→ **Exercise**:
Return, in their exact form, the lines that lie between the start of the data below and the line containing "Full bath featuring", with both ends included.
::::
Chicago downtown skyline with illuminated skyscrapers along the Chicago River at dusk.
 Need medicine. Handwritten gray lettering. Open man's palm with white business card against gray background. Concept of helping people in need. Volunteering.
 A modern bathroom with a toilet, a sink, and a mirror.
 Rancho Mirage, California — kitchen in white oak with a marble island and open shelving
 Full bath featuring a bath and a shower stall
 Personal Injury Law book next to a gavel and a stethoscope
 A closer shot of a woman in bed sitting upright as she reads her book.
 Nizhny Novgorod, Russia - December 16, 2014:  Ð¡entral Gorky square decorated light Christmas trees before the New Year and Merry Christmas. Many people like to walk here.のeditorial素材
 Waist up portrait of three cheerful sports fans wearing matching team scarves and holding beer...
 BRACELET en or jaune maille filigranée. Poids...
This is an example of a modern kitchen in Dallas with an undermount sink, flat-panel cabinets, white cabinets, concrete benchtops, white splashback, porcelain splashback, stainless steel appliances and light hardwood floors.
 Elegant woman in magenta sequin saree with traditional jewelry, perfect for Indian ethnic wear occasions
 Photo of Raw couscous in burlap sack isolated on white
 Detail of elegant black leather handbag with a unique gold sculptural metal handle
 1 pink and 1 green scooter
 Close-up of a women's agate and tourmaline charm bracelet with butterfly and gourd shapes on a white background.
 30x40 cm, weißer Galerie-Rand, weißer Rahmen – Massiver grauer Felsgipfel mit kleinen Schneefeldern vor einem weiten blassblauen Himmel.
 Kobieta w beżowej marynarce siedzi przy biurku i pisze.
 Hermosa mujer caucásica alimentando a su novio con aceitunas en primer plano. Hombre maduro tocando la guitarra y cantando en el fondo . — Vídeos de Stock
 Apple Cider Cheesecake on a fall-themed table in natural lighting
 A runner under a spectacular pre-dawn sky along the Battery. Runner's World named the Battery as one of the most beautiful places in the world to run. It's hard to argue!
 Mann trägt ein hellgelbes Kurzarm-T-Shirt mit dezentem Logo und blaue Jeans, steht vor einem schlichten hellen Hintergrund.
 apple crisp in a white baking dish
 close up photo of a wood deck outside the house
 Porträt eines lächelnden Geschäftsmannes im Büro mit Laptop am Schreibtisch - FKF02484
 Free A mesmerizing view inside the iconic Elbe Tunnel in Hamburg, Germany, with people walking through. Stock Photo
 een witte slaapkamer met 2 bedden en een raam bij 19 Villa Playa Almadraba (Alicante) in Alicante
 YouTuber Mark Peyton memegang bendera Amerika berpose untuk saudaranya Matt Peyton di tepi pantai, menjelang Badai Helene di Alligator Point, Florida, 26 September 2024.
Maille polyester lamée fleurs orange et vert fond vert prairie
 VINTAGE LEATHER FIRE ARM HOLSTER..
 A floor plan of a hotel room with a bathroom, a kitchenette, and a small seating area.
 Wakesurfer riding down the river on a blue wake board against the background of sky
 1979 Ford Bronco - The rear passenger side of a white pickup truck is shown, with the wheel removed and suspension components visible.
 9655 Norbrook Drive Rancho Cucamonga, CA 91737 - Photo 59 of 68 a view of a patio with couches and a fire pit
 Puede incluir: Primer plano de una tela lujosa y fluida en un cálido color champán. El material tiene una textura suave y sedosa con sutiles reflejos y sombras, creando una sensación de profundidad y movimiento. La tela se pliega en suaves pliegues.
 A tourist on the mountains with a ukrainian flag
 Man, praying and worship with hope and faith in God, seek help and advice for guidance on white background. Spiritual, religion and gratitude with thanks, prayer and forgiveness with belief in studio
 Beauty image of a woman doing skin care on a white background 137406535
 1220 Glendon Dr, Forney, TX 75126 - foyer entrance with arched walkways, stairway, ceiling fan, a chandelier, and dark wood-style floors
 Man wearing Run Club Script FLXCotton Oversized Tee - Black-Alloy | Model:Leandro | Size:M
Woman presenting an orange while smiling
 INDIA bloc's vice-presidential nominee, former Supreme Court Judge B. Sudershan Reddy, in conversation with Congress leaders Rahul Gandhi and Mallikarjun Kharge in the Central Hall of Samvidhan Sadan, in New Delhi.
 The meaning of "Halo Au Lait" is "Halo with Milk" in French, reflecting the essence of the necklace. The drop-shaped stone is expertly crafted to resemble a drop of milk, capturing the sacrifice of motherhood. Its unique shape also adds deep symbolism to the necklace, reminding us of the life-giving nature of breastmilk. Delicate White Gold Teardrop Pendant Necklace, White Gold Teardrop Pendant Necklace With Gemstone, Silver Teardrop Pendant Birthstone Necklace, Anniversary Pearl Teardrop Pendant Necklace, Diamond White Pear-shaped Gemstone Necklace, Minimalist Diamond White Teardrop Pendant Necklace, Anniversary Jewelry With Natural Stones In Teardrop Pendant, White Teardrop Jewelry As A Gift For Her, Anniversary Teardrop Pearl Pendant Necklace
::::
→ **Expected output**:
Chicago downtown skyline with illuminated skyscrapers along the Chicago River at dusk.
 Need medicine. Handwritten gray lettering. Open man's palm with white business card against gray background. Concept of helping people in need. Volunteering.
 A modern bathroom with a toilet, a sink, and a mirror.
 Rancho Mirage, California — kitchen in white oak with a marble island and open shelving
 Full bath featuring a bath and a shower stall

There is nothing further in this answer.